“É o baixista mais cool alguma vez a caminhar pela face da Terra, ponto final”. O autor da frase é o guitarrista e cantor dos The Internet, Steve Lacy, falando sobre Thundercat. E quem é este baixista com nome de desenho animado?
Stephen “Thundercat” Bruner construiu a carreira com base na versatilidade – já tocou com mil e um nomes bem diferentes, dos Suicidal Tendencies a Snoop Dog, de Erykah Badu a Kamasi Washington. Foi, também, um dos arquitectos de “To Pimp a Butterfly”, o álbum-charneira de Kendrick Lamar que marcou o ano de 2017, e cuja temática é hoje mais actual que nunca. Resumindo, o seu nome é presença habitual em muitos movimentos tectónicos da música recente.

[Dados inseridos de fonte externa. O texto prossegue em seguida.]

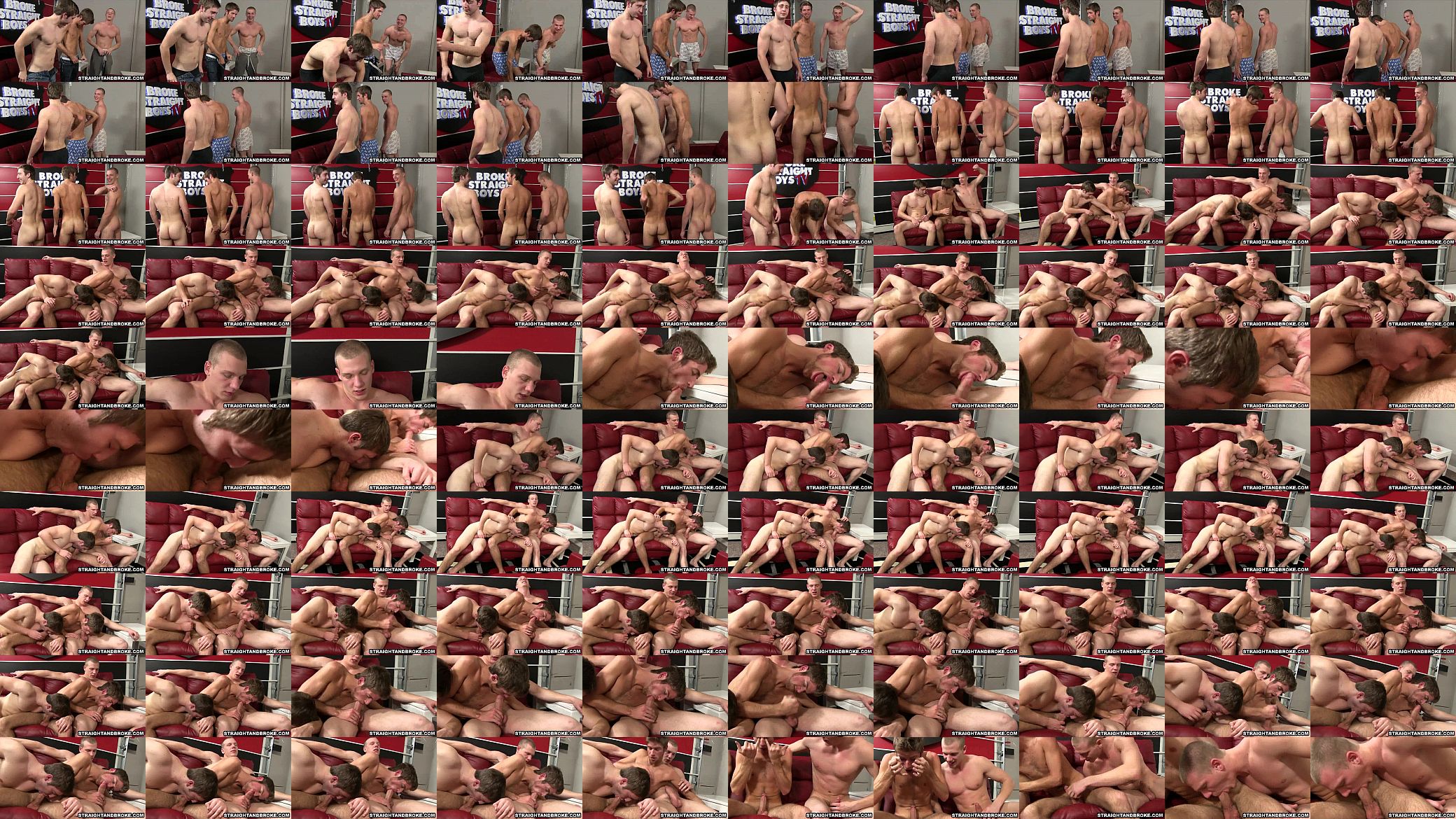 Three straight amateur hunks sucking each others cocks 预览图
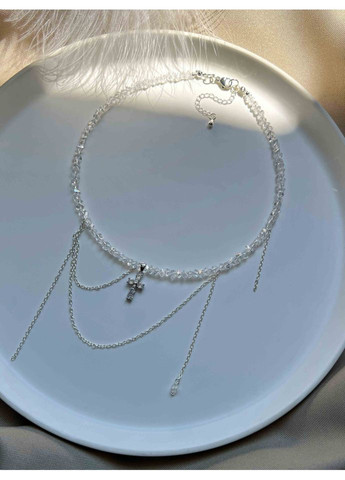 Колье с крестиком 5485 LeBijou (368559138)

A solo, o músico de culto já vai no quarto lançamento: o trabalho mais recente chama-se “It Is What It Is” (Brainfeeder, 2020). A inspiração maior está em géneros como o funk dos anos 70, a soul, o disco-sound mais cintilante, o jazz experimentalista e as gordas batidas do hip-hop. A estes sons acrescenta-se o fascínio pelo jogos de computador, a anime japonesa e o culto do Dragon Ball Z.
Como seria de esperar, esta salada sonora apresenta-se como um fogo de artifício colorido, a disparar em todas as direcções. Thundercat é um executante habilidoso, e isso ouve-se em vários momentos do disco: na audaciosa linha de baixo de “How Sway”, por exemplo, atinge velocidade warp. O mesmo acontece em “I Love Louis Cole” – começa com umas cordas majestosas, antes de receber uma injecção de energia punk que o faz disparar a toda a brida, com a ajuda preciosa do beat acelerado de Louis Cole.
De seguida abanamos a anca ao som do muito funky “Black Qualls”, jeitosa colaboração com Steve Lacy, Steve Arrington e Childish Gambino. Noutros pontos o baixo transpira sedução, como na balada “Unrequited Love”, ou na sonolenta “King of the Hill”, colaboração com os figurões do jazz BADBADNOTGOOD.
A produção, a meias com o cúmplice habitual – o músico e produtor Flying Lotus -, tem os seus momentos menos bons. Em alguns pontos surge embotada, algo liquefeita – como em “Innerstellar Love”; noutras músicas acerta-se na mistura e afinam-se, com sucesso, as texturas sonoras. É disso exemplo a cristalina “Funny Thing”, animada por sintetizadores subtilmente psicadélicos.
As cinco últimas músicas mostram Thundercat numa disposição mais sombria. Reflectem o desânimo e a impermanência que parecem ter assentado com força nas costas do músico, com a morte do jovem rapper Mac Miller, seu grande amigo.
“It Is What It is” é um disco onde cabem muitas ideias em corrupio. Talvez por isso algumas passagens soam algo inconsequentes ou mal-cozinhadas – veja-se o monólogo cómico de Zack Fox, em “Overseas”, por exemplo. Só que os momentos bem sucedidos também são muitos: vários temas acertam no alvo, e quando isso acontece é um prazer percorrer o universo delirante do excêntrico Thundercat.